But if this is so easy, why has this not been done before? Mars atmosphere is almost all CO2, so the obvious thing to investigate is getting O2 by splitting CO2 into carbon and O2 by electrolysis.
On the other hand, O2 is only a little more than 1/1000th of Mars atmosphere, which itself is only 1/100ths Earth’s air density. So the oxygen there would be in the range of only 1/100,000th the density we normally see on Earth. So this would require an extreme level of densification to be usable.
However, in this regard, it may be sufficient to just cool the oxygen to liquid form which is needed for the propellant application anyway. This might not require too high energy input since at night the temperatures drop to well below freezing on Mars.
The most optimal generation and separation/filtration methods have to take into account the conditions on Mars. For instance in eq. (2.) the energy released of -41 kJ/mol is when the water is in gaseous form. It's much less if it is liquid or frozen water form. But in this regard it is notable temperatures on Mars surface do reach above the melting point of water on large swaths of Mars during the the mid afternoon hours on Mars.
It had been frequently said that liquid water can not exist on Mars because Mars landers had shown the air temperatures were always below freezing. But what was missed was the actual surface temperatures were often well above the air temperatures. This is a rather obvious point that's easily understood when you compare for example on Earth the temperature of the air on a hot Summer day with what the temperature on the ground might be, especially if the ground is a dark surface absorbing sunlight rather than reflecting it. See the graphs from the Spirit and Opportunity MER rovers:
But because of the low atmospheric pressure the time at which the water will remain liquid is relatively short, even if the ground temperature will be above the melting point for hours. This is good for our propellant generation purposes though since we will get the water in gaseous form without additionally adding energy.

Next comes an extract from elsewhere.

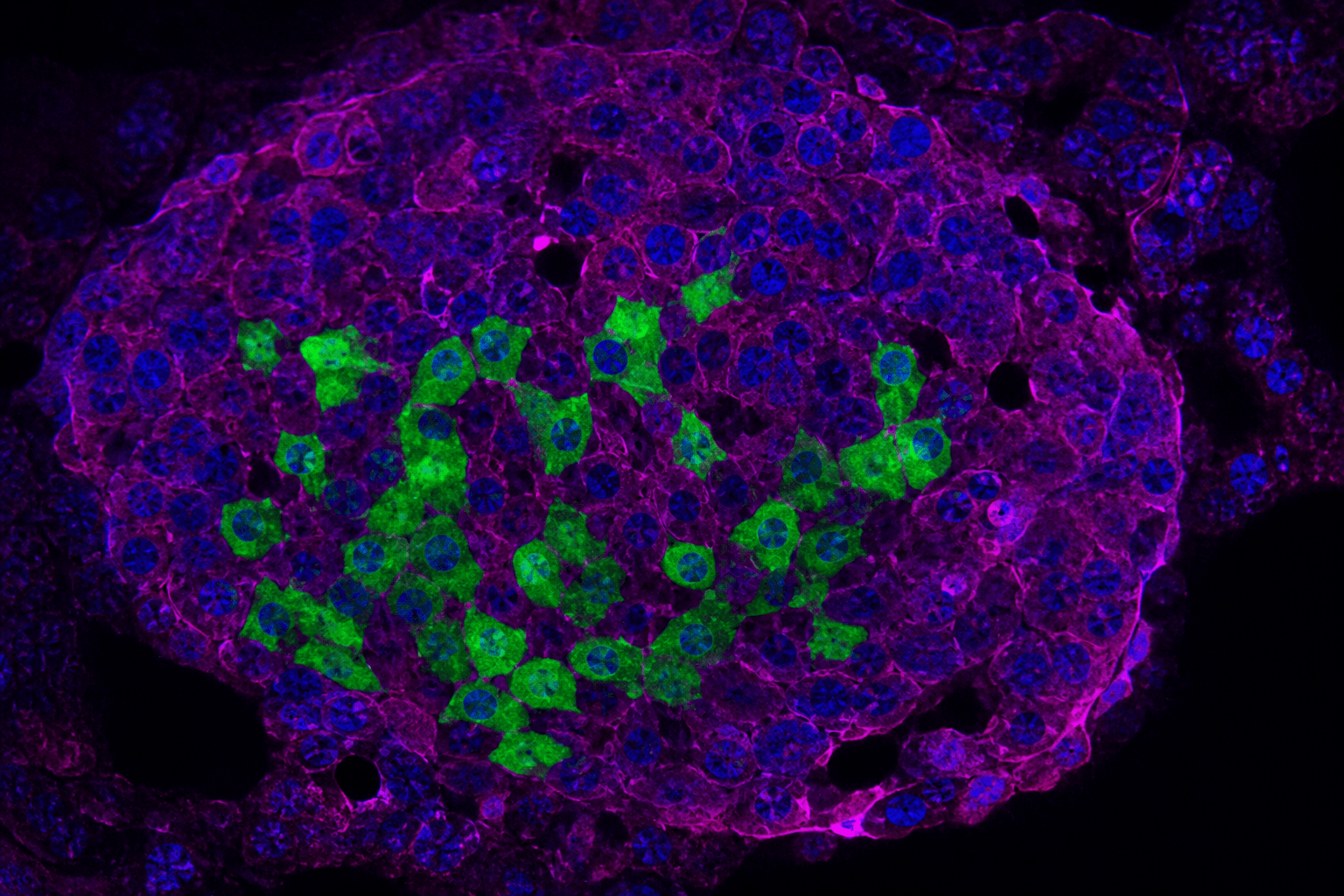 Pancreatic Alpha Cell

Hydrogen fuel from Mars to Earth?
The propellant generation from taking atmospheric oxygen and carbon monoxide might actually generate energy. But this means we could actually produce hydrogen and methane at low cost, unlike the electrolysis methods that require high energy input. This shows the importance of this in general not just for Mars. It could be a means of producing clean energy in the form of hydrogen being transported from Mars to Earth. Again, it is remarkable that this is something high school and university teams can contribute to establishing its feasibility.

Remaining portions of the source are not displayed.